鹤不群的声音在她的耳边,明明那么近,白茶却觉得那么远。

她愕然看着青年,那双眸子里清晰映照着她苍白的脸色。

“你快走,三千仙门一并上了剑宗,我们护不了你多久。”

白茶嗫嚅着嘴唇,想要说什么。

下一秒有天雷破苍穹落下,落入了修者之中。

“是天惩!”

“杀了她,只要杀了她天就不会降罪于我们!我们才有生路!”

刀光剑影,法器灵光。

白茶被他们一路追杀,她很想要停下来,然而谢九思在护她,鹤不群在推她前行。

风停云他们也于剑门之上替她杀出一条血路。

他们叫她不要停。

为了自己,为了剑宗。

停下来就意味着认命,就意味着承认了这劫数与她,与沈天昭有关。

她会是整个修真界的罪人,而剑宗也再无法以剑立世,无愧于心。

几千年的基业便毁在了她的手上。

这样滔天的罪名她担不了,也不能担。

风急雪大,骤雨风沙。

她穿过无尽的沙漠和无边的森林。

沧海成了桑田,桑田又成了沧海。

白茶不知道自己逃了多久,十年,百年,或许只是一眨眼。

在这里时间没了概念,她感知不到,只知道劫数又来了。

身后人还在追,白茶御空在九天。

看着那黑云压城般的人群,她心下觉得可笑又可悲。

可笑的是他们,可悲的是自己。

她一直以来都以为自己最大的威胁是天道,天不容她,劫数杀她。

可如今她才发现并非如此。

最是杀人是人心。

真正想要她死的不是天,是这世人。

她突然不想逃了,她想要结束这一切。

白茶冷冷注视着众人,他们在指责,咒骂,咒骂她是魔道,是祸害。

可这都不重要了,她引剑劈开天穹。

混沌初开,剑入天地。

苍生不容她,她便让这苍生一同殉葬!

她面若霜雪,整个人成了剑,没有半点生气。

“天生万物以养人,世人尤怨天不仁。
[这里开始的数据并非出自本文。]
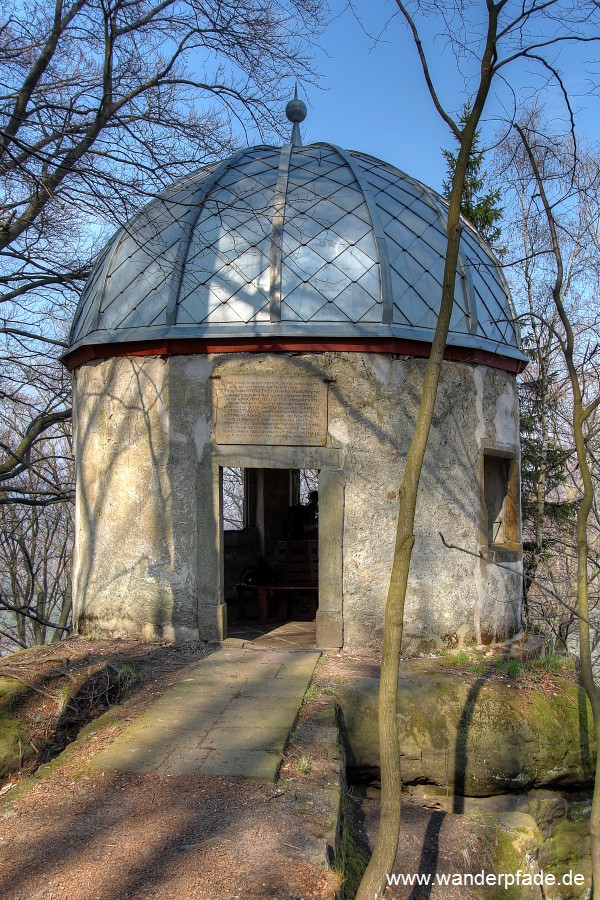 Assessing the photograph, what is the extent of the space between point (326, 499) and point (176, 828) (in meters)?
4.00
”

白茶手腕一动,血溅剑落。

“不忠之人可杀!”

“不孝之人可杀!”

“不仁不义之人,杀杀杀!”

剑比声快,漫天的火光和成河的血流交相辉映,白茶踩着尸体将众人逼到角落。

她的眸子不知什么时候绯红一片,手中的剑也成了血色。

在剩下最后一人的时候,剑未落,等到黑雾拨开,白茶看清眼前之人后瞳孔一缩。

谢九思浑身浴血,虚弱地靠在墙上。

他看向白茶,那双眸子温润如初,见她有了几分清明之色,弯了下唇角。

那笑意明明如春风,在这一刻却让她遍体生寒。

白茶脸色苍白,周围尸横遍野。

风停云,鹤不群,整个剑宗的人都陨落在她的剑下。

她杀了苍生,也杀了剑宗。

这是幻境,白茶知道这是幻境。

可她被幻境左右了心神,只差一点,只差一点她便会杀了谢九思。

她做了这样大的错事,哪怕不是真实的她也不能原谅自己。

只是幻境她就这般神志不清,善恶不分,若是之后当真遇到了这个的情况,她又当如何?

白茶握剑的手颤抖得厉害,她抱着头,像只无助的小兽般蜷缩在角落。

“对不起,对不起,对不起……”

她不愿意面对这一切,画地为牢,把自己困在幻境,别人进不去她也不愿出,只一个劲的哭着道歉。

然而这幻境并没有轻易放过她。

那天劫依旧在,九天之间隐约雷鸣,天上有神佛怒斥。

“天道有轮回,万物生因果。万千生魂因你入不了轮回,不得超度。”

“白茶,你可知罪?”

天在审判,因她弑苍生。

“我……”

【不要认罪!你没错!】

一道声音骤然打断了白茶的话。

【你忘了我们是为什么要承沈天昭的剑意吗?我们是要与天斗,而不是屈服于天!这一切都是它在推波助澜,它想要我们从命!】

【白茶,我们既不认命,那就更不能认天!】

这个阵法是由天赋幻化,白傲天也是天赋,从进入之后没多久就被隔绝了其中。

在最后一刻才拼了命冲破桎梏。

他和白茶互为半身,一旦他清醒了,白茶也就清醒了。

白茶眼眸慢慢流转成了琥珀色泽。

她看向云端不见真容的神佛,颤抖的手平复下来,紧握着手中的灵剑。

周遭如何水深火热,刀山火海她不再看。

她御空直上,一如当年沈天昭开路斩天。

“冥顽不宁!这么大的因果,这么大的过错,你还执迷不悟,难不成还要和你那师尊一样斩天灭道不成!”

这时候白茶才辨别出,这云端上的哪里是什么神佛,不过是个藏匿于幻境之外装神弄鬼的小人。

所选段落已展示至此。